I even bought a clever tray to put on the bench seat for when we sit there with cups and want to stand them carefully.

Then I covered the seat with a throw, but the material was always getting pulled off when we moved about and I was forever tucking it into the gap between the back and the seat.

Packing the VW California Beach

So now, having revealed my borderline OCD, I want to share the cure.

Sunlounger pads gave me the idea

We’d always carried a couple of cheap lounger chair pads for softening the mattress or for lazing on the grass.

I popped one on the bench seat the other day and realised the weight kept it in place, it looked great and it was still multifunctional – only now it had a use all the time instead of being rolled up on the back shelf.

However, there was still a bit of work to do. What about the seat back? And what about a more sympathetic material?

The following instructions assume you can do basic sewing and have a sewing machine. While they’re written here for the VW California Beach, the method is simple so you can adapt it to the bench seat or backseat in any vehicle – campervan or car


How to make Campervan seat covers

Here you are, step-by-step. Campervan seat covers…

1. Measuring and materials

  • Measure your seat and back. The 2015 two-seater California Beach measures 118cm x 55cm on the seat. The back is 118cm x 75cm.

Measure twice, cut once. It’s the carpenter’s creed – and it avoids annoying mistakes. I also did a lot of the checking and fitting in the van so I could see things in place and spot any problems.

  • Select a hardwearing but soft material. You’ll need around 4m of 150cm wide fabric, but more if you need to match patterns.
  • You also need two sheets of wadding or light foam. I decided to do two pads rather than one big one to leave room for the seatbelt clips and because two separate pads are more versatile. I used 3cm memory foam.
  • Your cushions need simple cases/covers that can be removed for washing – no fancy edging, just straight hems. I used zips, but a roll of press-studs on tape or individual press studs would work too.

2. Cutting out and shaping

  • Seat – Working in the van, so you can get sizes exact, cut your wadding or foam to the size of the seat – just a basic rectangle. Cut out a small area to accommodate the seat-belts in the middle.

The pieces cut for the back rest and the seat. I overlaid a strip of patterned fabric, but you can leave them plain. Cutting the slot for the seatbelt clip is best done in the van, so you can check everything lines up.

  • Back – Cut your wadding pad to fit the back rest, and create two cutaway sections top left and right for the seat-belt slots.
  • Now cut two pieces of fabric to the same size and shape as the pads, leaving 2cm/1” all round for the seams.

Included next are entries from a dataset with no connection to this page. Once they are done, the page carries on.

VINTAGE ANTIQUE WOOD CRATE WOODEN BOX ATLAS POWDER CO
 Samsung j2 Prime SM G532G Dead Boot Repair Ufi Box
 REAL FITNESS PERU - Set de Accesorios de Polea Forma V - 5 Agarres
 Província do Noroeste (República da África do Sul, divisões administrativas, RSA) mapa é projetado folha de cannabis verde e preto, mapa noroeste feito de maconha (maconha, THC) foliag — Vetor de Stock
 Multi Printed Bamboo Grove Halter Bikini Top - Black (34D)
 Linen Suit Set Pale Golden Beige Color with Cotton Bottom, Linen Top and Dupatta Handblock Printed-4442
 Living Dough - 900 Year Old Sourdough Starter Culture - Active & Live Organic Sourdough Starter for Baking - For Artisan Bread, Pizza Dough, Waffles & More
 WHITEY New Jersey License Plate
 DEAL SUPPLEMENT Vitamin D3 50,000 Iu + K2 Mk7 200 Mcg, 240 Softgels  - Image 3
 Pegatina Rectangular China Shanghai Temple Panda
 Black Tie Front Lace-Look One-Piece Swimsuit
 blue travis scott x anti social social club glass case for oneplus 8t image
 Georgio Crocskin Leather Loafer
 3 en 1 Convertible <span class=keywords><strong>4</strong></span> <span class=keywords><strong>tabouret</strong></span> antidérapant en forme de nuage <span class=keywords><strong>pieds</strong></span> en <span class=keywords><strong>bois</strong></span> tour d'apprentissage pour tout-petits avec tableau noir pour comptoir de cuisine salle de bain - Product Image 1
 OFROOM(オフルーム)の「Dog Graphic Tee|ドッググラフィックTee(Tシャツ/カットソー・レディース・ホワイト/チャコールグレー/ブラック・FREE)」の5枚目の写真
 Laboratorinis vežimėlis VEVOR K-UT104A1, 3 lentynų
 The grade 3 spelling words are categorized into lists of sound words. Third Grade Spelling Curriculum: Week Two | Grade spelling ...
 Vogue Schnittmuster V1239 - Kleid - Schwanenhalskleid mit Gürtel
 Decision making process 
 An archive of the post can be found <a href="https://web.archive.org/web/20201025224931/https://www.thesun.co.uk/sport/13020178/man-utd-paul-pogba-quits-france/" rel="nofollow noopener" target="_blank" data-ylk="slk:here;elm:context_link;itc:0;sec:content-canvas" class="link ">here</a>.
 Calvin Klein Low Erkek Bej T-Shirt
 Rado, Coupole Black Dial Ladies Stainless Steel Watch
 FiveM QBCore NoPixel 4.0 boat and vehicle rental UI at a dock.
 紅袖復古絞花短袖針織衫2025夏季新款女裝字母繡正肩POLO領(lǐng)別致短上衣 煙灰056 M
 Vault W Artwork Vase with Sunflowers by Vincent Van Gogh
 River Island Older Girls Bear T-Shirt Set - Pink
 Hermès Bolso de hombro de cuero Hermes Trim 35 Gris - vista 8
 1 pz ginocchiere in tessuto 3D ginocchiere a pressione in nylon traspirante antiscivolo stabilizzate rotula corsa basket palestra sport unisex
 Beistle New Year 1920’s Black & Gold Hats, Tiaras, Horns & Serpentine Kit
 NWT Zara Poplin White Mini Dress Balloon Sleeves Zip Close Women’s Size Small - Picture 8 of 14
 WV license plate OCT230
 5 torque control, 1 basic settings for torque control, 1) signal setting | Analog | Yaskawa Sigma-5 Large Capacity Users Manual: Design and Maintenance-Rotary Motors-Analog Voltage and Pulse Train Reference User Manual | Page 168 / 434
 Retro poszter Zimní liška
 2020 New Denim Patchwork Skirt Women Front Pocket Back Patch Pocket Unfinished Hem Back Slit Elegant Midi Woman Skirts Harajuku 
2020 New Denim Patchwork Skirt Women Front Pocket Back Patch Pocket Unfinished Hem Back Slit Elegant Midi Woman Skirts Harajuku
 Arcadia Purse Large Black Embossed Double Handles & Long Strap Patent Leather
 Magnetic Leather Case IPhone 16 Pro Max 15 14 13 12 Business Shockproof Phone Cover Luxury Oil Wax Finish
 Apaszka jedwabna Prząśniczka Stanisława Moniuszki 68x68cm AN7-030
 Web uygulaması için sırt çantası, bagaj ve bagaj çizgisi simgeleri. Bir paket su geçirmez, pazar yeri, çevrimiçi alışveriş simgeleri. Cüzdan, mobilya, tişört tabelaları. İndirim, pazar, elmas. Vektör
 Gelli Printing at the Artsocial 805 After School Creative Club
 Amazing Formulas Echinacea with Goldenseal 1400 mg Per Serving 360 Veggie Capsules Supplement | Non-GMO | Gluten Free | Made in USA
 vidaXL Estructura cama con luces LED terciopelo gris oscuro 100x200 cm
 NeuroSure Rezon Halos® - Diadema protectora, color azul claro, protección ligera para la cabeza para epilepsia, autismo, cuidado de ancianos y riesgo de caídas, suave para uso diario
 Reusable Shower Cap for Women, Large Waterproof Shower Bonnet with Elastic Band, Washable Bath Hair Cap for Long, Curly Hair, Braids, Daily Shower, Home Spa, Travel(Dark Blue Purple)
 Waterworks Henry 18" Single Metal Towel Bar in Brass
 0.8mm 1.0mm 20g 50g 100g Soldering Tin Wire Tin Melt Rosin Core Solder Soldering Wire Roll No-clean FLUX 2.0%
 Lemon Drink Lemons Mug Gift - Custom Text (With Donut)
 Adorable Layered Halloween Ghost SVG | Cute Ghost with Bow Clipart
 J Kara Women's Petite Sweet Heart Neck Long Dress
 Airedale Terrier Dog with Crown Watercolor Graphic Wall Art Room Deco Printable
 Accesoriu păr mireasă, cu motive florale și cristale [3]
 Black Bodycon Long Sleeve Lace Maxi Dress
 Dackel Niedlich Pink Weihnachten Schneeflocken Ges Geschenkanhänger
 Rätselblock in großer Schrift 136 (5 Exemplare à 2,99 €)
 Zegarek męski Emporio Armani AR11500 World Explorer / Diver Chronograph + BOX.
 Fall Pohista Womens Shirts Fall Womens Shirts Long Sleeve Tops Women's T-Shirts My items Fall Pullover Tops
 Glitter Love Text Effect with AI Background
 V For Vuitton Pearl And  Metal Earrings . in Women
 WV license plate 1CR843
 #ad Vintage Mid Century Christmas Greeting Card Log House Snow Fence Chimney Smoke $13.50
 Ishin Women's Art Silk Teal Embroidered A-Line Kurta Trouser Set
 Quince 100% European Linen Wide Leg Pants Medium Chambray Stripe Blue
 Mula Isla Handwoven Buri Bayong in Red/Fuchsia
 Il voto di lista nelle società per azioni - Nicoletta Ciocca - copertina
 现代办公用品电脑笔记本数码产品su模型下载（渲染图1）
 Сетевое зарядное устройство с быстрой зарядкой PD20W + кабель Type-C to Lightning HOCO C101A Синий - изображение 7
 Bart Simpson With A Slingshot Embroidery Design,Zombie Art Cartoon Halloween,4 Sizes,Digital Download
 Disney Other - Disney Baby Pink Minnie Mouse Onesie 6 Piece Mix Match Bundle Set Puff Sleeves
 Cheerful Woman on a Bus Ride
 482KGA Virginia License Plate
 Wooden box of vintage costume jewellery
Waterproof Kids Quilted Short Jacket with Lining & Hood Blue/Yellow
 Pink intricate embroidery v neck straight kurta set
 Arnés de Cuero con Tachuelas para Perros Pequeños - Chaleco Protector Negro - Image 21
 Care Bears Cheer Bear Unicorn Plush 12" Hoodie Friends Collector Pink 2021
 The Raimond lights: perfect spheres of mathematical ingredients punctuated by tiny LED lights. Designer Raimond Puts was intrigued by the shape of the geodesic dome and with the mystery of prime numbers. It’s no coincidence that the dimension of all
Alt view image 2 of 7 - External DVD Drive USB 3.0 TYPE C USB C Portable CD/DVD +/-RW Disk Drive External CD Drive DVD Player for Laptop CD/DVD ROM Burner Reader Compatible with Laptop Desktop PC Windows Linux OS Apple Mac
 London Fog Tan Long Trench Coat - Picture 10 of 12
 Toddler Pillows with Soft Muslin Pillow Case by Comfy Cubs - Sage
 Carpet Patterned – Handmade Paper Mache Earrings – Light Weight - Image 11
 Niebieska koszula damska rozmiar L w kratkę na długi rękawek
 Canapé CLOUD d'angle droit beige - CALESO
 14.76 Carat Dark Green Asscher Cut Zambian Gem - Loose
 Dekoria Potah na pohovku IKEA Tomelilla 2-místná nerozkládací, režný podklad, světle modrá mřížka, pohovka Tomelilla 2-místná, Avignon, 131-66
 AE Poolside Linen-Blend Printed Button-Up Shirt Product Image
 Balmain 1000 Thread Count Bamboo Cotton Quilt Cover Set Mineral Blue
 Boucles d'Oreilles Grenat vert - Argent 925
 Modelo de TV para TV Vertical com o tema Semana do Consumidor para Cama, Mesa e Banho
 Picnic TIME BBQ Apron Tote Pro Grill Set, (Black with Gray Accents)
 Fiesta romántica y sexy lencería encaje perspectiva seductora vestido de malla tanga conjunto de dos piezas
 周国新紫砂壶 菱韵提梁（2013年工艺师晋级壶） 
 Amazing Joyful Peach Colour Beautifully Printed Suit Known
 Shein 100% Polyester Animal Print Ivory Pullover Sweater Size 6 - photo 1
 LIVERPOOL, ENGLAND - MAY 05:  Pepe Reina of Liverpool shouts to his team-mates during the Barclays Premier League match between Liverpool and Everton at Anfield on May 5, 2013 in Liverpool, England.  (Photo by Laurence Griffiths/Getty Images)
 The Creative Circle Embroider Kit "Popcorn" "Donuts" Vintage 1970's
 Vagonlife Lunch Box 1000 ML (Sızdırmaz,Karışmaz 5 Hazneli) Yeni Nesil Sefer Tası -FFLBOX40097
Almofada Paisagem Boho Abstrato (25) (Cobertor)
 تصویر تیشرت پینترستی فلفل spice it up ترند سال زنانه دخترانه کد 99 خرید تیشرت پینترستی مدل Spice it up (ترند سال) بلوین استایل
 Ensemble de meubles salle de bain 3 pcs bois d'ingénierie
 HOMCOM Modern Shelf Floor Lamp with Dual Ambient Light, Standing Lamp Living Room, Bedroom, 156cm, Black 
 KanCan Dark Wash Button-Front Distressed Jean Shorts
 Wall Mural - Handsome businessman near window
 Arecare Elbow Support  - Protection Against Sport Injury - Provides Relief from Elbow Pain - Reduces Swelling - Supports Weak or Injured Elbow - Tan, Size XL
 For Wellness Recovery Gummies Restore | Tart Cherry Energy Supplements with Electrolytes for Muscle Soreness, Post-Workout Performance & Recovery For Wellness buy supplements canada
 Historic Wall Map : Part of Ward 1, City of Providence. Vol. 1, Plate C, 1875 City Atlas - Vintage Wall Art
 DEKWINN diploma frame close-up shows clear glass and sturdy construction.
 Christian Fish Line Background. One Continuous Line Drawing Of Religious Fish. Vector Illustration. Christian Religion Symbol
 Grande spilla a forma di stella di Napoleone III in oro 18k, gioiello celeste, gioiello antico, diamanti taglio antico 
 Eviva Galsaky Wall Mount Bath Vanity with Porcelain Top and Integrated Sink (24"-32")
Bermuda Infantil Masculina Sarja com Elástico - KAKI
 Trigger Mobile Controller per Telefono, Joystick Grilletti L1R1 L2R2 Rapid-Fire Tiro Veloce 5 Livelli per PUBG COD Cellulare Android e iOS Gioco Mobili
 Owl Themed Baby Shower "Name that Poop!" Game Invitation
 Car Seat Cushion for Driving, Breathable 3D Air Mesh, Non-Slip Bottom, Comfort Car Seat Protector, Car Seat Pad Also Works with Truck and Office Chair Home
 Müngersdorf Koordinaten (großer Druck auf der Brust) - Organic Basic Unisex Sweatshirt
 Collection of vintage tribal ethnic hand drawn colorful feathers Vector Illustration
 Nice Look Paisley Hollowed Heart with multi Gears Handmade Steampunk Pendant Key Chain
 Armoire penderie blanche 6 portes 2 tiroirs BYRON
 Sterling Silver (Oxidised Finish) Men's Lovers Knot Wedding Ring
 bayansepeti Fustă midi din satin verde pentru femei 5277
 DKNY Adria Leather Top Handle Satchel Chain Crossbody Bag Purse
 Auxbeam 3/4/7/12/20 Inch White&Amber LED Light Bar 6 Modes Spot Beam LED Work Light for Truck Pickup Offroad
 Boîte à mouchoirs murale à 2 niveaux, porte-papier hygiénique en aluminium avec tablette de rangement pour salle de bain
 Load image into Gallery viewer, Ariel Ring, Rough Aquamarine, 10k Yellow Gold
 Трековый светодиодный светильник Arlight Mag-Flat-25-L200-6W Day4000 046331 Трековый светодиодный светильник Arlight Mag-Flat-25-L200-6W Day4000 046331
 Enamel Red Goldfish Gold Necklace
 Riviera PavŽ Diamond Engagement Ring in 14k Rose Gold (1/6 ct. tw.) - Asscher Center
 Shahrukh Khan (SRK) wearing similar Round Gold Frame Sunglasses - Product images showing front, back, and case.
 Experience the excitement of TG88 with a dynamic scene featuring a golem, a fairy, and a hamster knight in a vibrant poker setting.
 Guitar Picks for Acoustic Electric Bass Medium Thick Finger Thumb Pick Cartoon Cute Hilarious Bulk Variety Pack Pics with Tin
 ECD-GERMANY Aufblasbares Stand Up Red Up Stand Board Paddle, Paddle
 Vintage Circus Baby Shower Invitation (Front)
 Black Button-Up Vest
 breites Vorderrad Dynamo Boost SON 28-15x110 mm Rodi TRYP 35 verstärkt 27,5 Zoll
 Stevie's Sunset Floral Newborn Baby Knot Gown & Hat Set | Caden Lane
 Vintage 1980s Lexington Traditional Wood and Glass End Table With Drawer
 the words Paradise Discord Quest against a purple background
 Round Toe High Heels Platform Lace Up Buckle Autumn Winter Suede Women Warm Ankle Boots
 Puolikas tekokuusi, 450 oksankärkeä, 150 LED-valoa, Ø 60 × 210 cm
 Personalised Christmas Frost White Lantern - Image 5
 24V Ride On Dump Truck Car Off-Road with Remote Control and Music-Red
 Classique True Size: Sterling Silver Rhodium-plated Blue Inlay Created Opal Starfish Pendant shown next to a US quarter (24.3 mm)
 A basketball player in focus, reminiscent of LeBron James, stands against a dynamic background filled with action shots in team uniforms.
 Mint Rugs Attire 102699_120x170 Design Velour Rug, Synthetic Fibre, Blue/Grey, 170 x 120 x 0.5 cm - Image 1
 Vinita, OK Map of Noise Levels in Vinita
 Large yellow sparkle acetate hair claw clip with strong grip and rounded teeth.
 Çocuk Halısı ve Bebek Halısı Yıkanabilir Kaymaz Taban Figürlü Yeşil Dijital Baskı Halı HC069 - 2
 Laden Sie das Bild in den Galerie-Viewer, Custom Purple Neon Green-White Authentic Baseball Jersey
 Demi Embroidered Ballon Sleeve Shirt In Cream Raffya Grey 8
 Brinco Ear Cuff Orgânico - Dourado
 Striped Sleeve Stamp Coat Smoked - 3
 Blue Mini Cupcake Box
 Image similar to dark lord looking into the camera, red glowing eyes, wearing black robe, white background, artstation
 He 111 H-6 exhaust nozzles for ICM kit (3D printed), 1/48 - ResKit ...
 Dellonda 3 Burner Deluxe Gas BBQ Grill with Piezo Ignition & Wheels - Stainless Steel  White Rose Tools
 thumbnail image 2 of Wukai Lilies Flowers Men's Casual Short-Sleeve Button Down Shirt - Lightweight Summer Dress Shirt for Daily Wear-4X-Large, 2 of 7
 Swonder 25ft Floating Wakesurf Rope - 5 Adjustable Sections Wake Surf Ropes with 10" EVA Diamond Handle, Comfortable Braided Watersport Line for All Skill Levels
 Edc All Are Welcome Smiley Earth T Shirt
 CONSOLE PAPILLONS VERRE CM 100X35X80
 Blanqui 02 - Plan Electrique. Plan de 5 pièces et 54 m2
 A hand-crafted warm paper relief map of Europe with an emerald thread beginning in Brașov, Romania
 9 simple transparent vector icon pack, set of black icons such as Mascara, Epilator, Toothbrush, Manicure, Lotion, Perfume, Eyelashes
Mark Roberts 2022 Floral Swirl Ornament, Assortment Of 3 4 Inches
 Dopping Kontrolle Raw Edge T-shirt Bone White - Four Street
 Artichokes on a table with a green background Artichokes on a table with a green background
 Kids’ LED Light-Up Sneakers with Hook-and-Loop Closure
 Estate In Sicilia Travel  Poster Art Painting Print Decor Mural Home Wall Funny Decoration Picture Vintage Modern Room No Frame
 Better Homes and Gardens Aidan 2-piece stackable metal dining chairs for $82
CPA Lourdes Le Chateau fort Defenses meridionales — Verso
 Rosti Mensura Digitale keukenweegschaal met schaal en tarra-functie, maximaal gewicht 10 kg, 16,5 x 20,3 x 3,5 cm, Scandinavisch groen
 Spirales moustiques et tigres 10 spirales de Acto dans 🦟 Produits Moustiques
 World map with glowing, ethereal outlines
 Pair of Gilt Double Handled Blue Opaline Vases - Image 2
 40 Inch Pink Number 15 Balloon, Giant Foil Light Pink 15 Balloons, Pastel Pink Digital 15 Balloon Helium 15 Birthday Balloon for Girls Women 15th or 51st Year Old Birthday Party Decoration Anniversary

3. Sewing your seat covers

  • If you’re using zips, sew these in to the short ends. Other types of fastenings can be done last. When I learnt the easy way to do zips, I turned from zipperphobe to zipperphile! Basically, you hem the edge that will hold the zipper a zip-width from the top then iron the hem open. 
  • Now place your zip (wrong side up) with the teeth running along the sewn line. Sew it into place and then snip open the hem that’s between the teeth. Neat and invisible.
  • Sew up the three other sides on the covers (remembering to leave the zip open).


Extra finesse to make your campervan fantastic

A neat valance

  • On the seat, you might want to have a bit of a valance that hangs over the curve of the seat. It’ll look neater and be more protective. I also like the way it disguises there’s a drawer.

    With the valance in place. Basically an extra flat cover under the cushion with a strip sewn along the edge.

  • Cut another seat-size piece of fabric. Cut a piece to run along the front of the seat and another shorter piece for the side of the seat (ours is the side next to the sliding door). You don’t need one for the far end.
  • Hem all these and then, in the van, pin the pieces together in place, so you can adjust to fit exactly.
  • This valance sits under your cushion and everything stays neatly in place

Loose cushions and the storage box

  • I actually used two fabrics – a plain one as a base with a patterned material sewn in strips to break up the grey.

  • I also made simple matching loose cushions from the patterned fabric.
  • Finally, I covered the storage box cushion with the plain fabric using the same technique as the main seat cushions.

Attaching the seat back cushion

I found that putting the seatbelts over the back cushion keeps it put. If not (if you’ve used heavier foam, for example), you can make some loops to run over the top and tie down the back of the seat.